## PROBLEM STATEMENT
Nothing but the lines below from the one with "restaurant cafe" through the one with "Toolbox for cattle, sheep and pig farmers (4) Toolbox" should be output, each exactly as given, and no pictures.

## INPUT
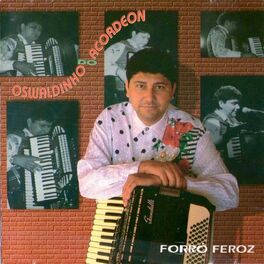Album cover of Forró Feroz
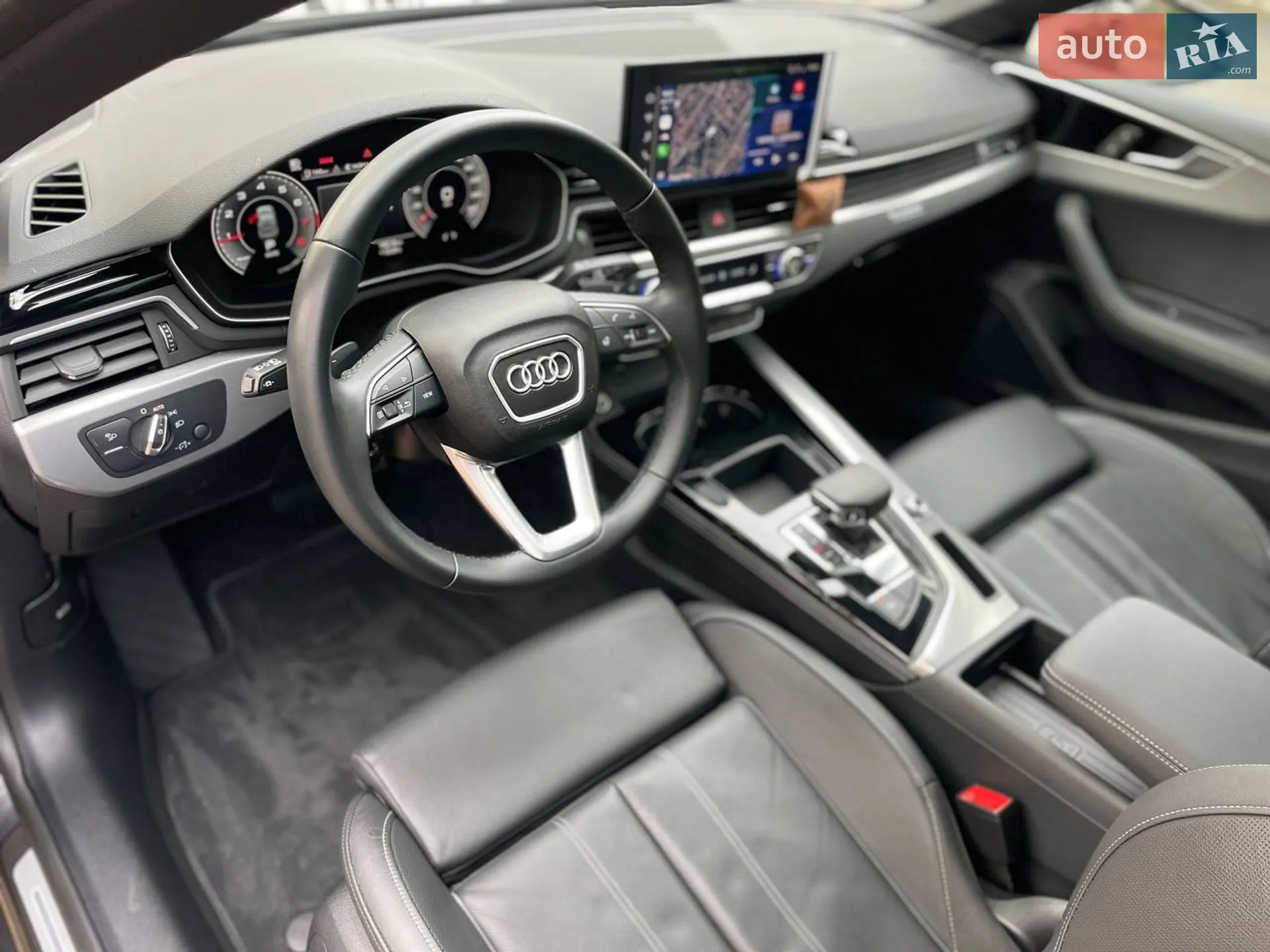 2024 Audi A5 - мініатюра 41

---

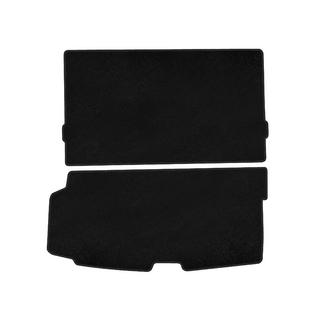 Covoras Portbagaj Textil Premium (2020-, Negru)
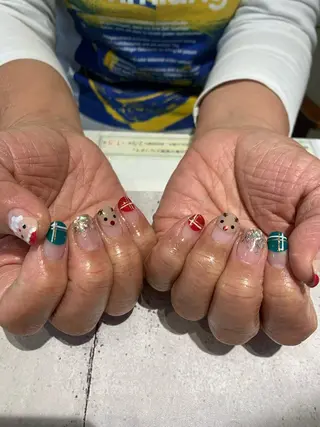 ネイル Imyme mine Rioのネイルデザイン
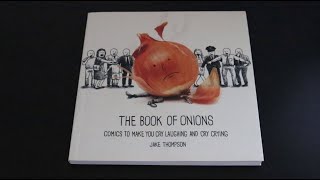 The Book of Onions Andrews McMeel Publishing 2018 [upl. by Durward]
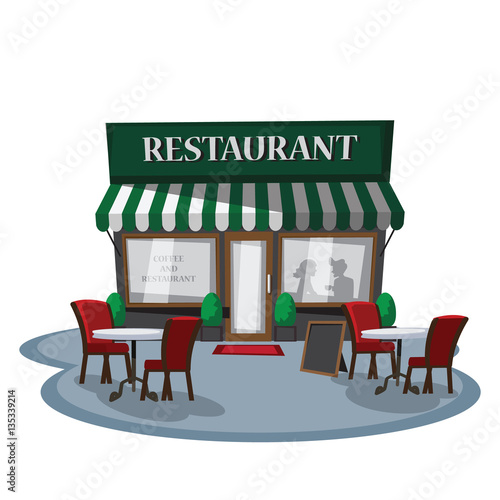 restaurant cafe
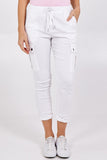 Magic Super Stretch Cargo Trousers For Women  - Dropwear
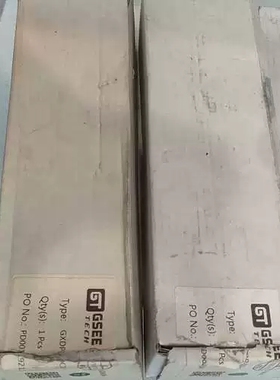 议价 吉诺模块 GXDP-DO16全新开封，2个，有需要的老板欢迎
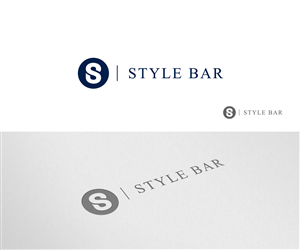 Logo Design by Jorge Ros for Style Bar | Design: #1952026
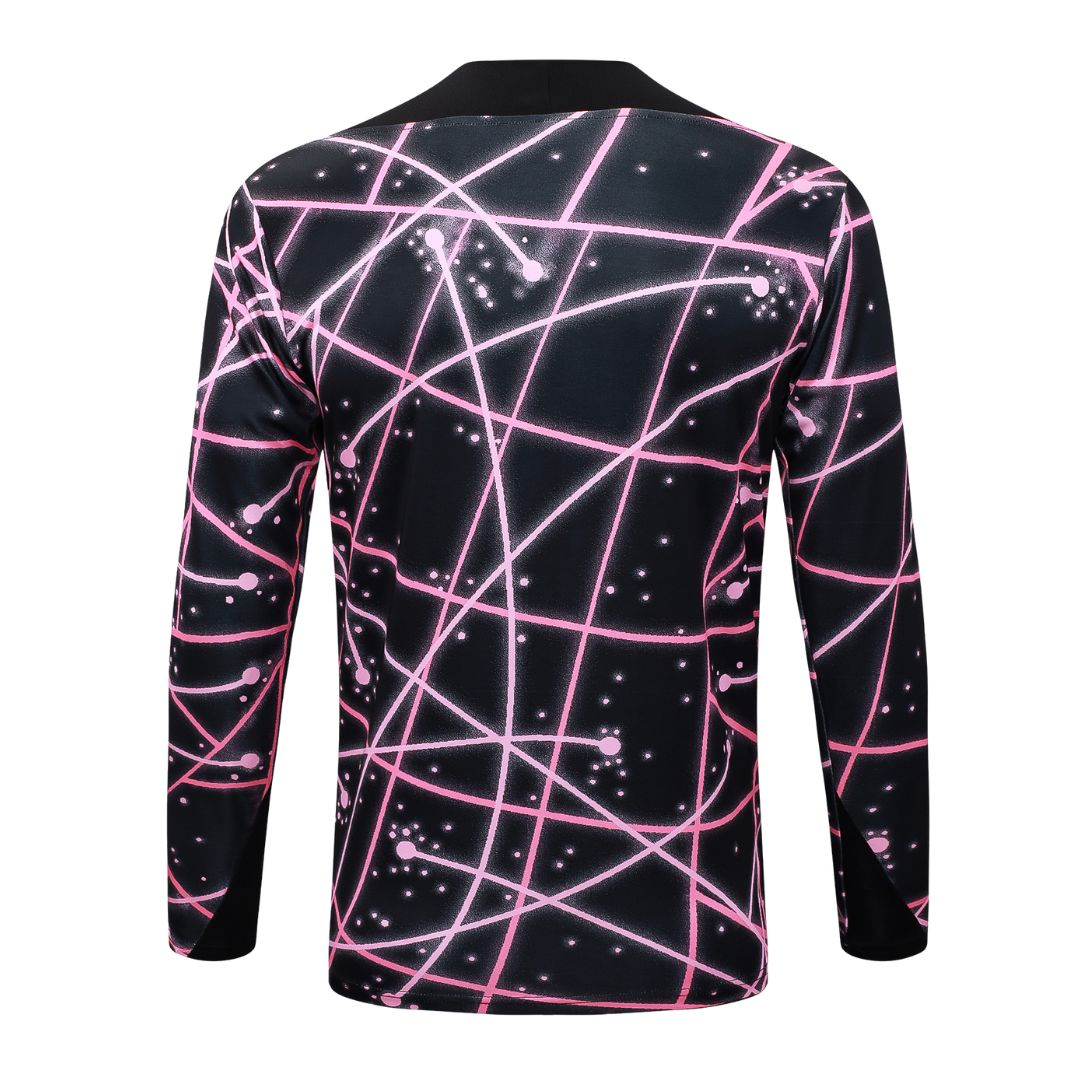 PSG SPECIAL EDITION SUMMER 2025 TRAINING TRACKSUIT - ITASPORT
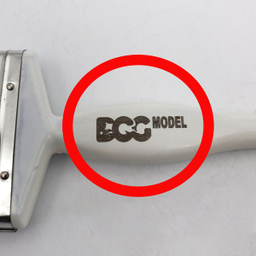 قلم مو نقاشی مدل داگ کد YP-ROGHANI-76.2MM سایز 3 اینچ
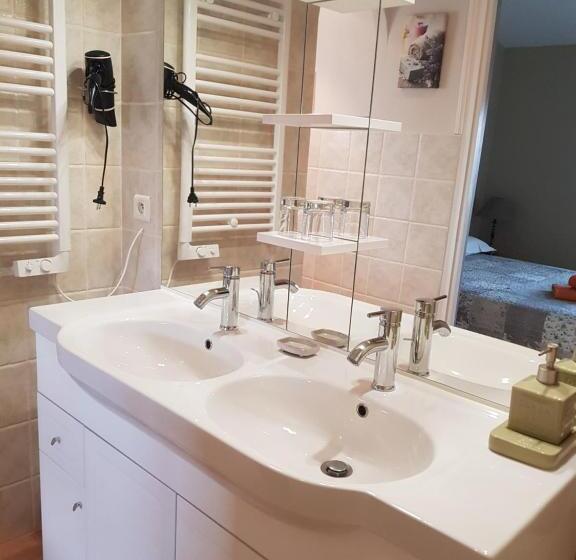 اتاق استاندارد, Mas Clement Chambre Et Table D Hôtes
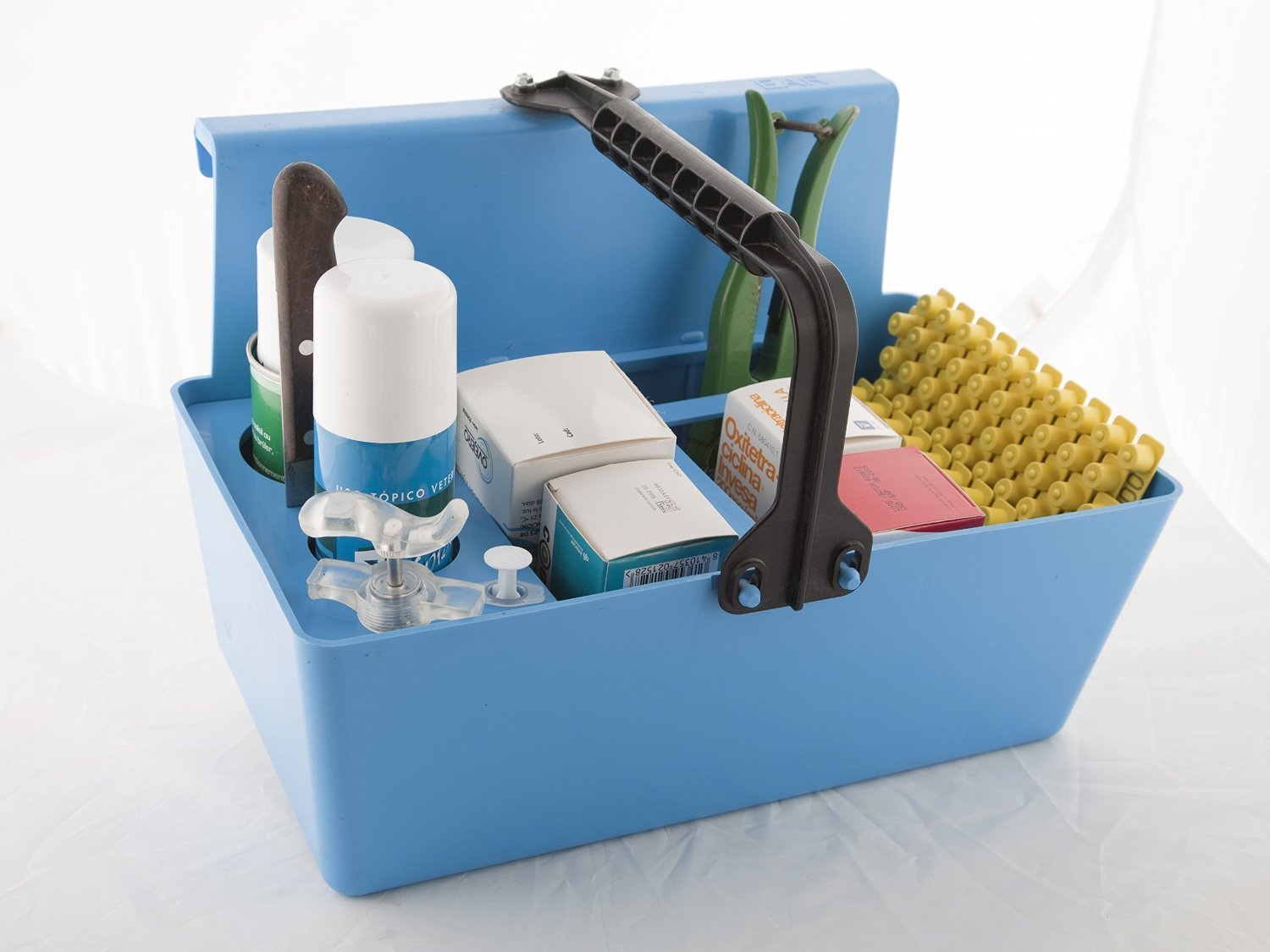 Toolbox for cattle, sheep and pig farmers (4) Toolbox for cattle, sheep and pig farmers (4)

## RESPONSE BELOW
 restaurant cafe
 Magic Super Stretch Cargo Trousers For Women  - Dropwear
 议价 吉诺模块 GXDP-DO16全新开封，2个，有需要的老板欢迎
 Logo Design by Jorge Ros for Style Bar | Design: #1952026
 PSG SPECIAL EDITION SUMMER 2025 TRAINING TRACKSUIT - ITASPORT
 قلم مو نقاشی مدل داگ کد YP-ROGHANI-76.2MM سایز 3 اینچ
 اتاق استاندارد, Mas Clement Chambre Et Table D Hôtes
 Toolbox for cattle, sheep and pig farmers (4) Toolbox for cattle, sheep and pig farmers (4)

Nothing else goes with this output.